The German auto-makers have more stuff to worry about now, with reports suggesting that they are under investigation for having colluded as part of one of the biggest cartels in history. If proven correct, this could lead to hefty fines being levied by the EU, adding to the damages multiple companies have to pay for flouting emission norms.
German news blog, Der Spiegel said that it had received information that last summer, Volkswagen had submitted a self-report suggesting that since way back in the 1990s, all the major car-makers of the country including Volkswagen, Audi, Porsche, BMW and Daimler have been a part of agreements ranging from technology to flout emissions to setting of prices.

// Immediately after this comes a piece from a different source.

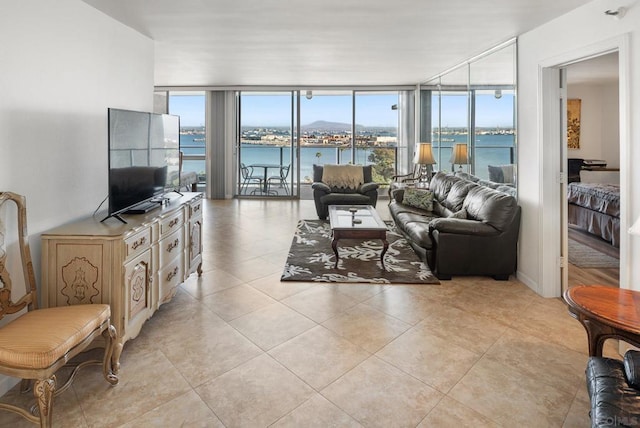 living room with expansive windows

The report suggests that over 200 engineers from the five brands had met on over 60 occasions since the 90s. The agreements were used to subvert direct competition between the brands. They are being said to have shared convertible roof technologies or joint setting of suppliers and vehicle costs.
In fact, it is being said that they even agreed to reduce the size of the urea tanks which are used to reduce emissions according to more advanced Euro standards, rendering them ineffective to control noxious fumes. This could have laid the foundation for the on-going diesel scandal that has taken the car industry by storm.
This revelation came as a part of the German authorities investigations on Volkswagen. Subsequently, both VW and Daimler are being said to have filed such self-reports to help reduce penalties which, by law, amount to 10 percent of the company’s annual revenue. This figure could run into billions once proven.